Despite the name, The Bruces is basically a one-man show. Alex McManus, who is more visible as a guitarist/violinist in both Lambchop and Vic Chesnutt’s touring band, fittingly splits his time between Nashville and Athens. He’s also spent a fair bit of time in Omaha, Nebraska, where he joined the scenelet clustered around Simon Joyner and his Sing! Eunuchs label. (McManus plays violin on several of Joyner’s records.)
A versatile songwriter, a strong singer and an unusually accomplished acoustic guitarist (by current indie standards), McManus is notoriously reluctant to perform or release his own material.
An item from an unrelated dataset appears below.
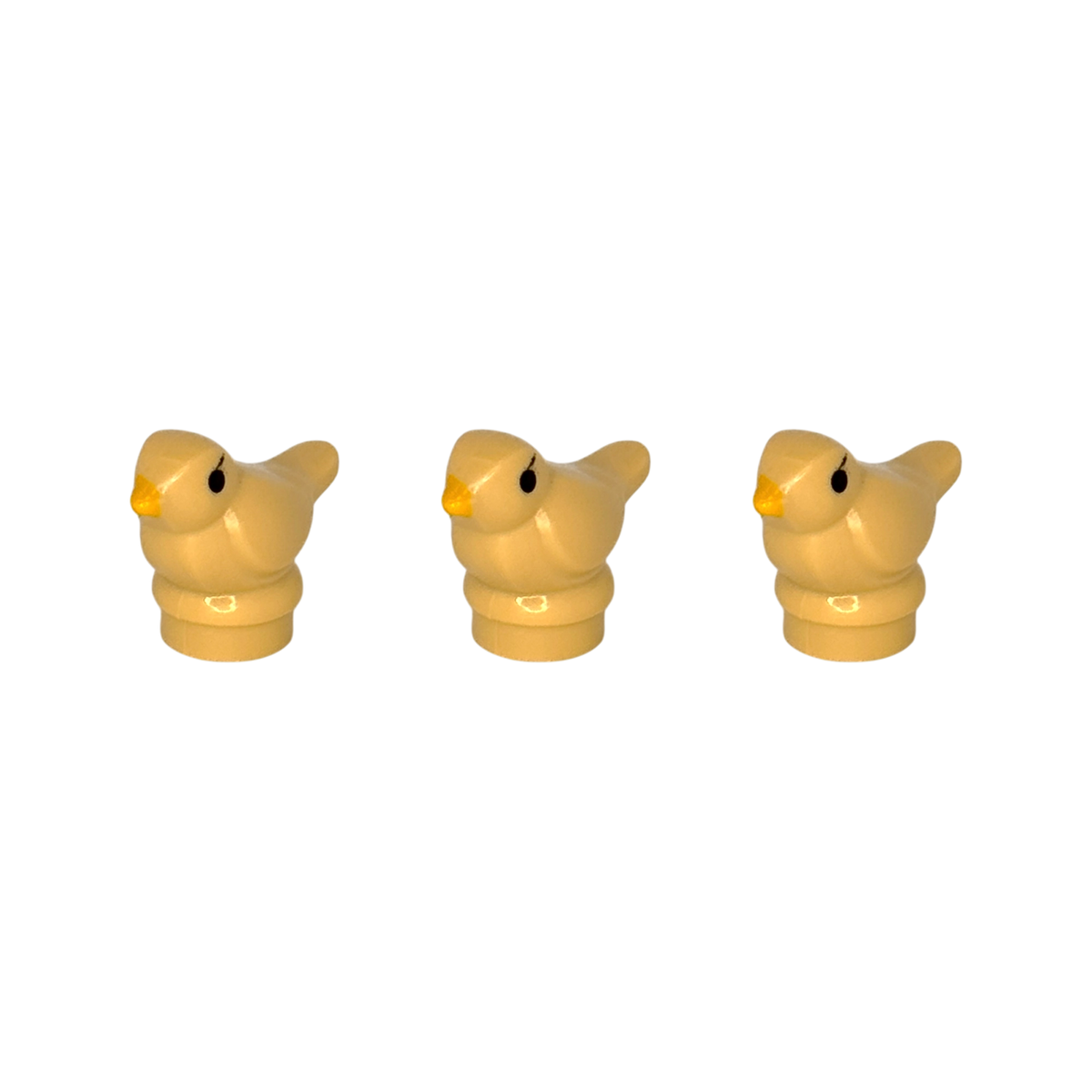 Drei kleine Vögel in der farbe beige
Legend has it that the Family Day cassette was assembled from privately circulated tapes by Sing! Eunuchs’ Joyner and Chris Deden while McManus was out of town — he had promised them a release but hadn’t finished the project. (The band name may be their invention as well.) Regardless, Family Day is no half-assed hodgepodge, but a well-chosen collection with an appealingly unpretentious feel. His voice, which has an appealingly bluesy scratch to it, recalls Peter Holsapple’s when there was still some artsy mixed in with the rootsy. A few of the songs (notably, “The Lack Of…”) don’t seem complete despite strong sections, but the bulk shine through the work-in-progress aura. The lyrics range from slices of life to tortured-relationship stuff (“Handgun Demonstration”), with a penchant for science-themed jokes. The title track, “Club Delmar” and “Melt Away” approach talking blues, with McManus narrating family dysfunctions, barroom scenes and chance encounters (“You look like my best friend from second grade/I said, ‘I’m sorry I am not him’/And then he melted away”) in a loosely melodic manner before breaking into simple, full-throated refrains. “Capillary Action” and “Y Is an X” are more tightly constructed; McManus’ tricky, even dissonant, chord choices and insistent strum suggest that some were meant to have full band arrangements. All told, Family Day contains some of the best songwriting released through co-called lo-fi channels in the ’90s.
The vinyl-only Hialeah Pink is as accomplished as its predecessor, though slightly less revelatory, perhaps because it was actually made to be released. It’s still based around McManus’ guitar and voice, but he also adds his own violin overdubs (sometimes pretty, but John Cale-ish on “Gasoline), female harmonies and unobtrusive percussion. The passive-aggressive love songs (“Easy”) and premature suicide notes (“Aspirin”) are again present, but the highlight is “Hialeah,” which superimposes a spoken vocal (Angie Grass) playing tour guide through a blasted Southern landscape (“junkyard…cement store…Jesus Saves”) over what might be pedal steel and McManus’ longing for the next train out, “with a whistle like a hymn and a trusty engine.”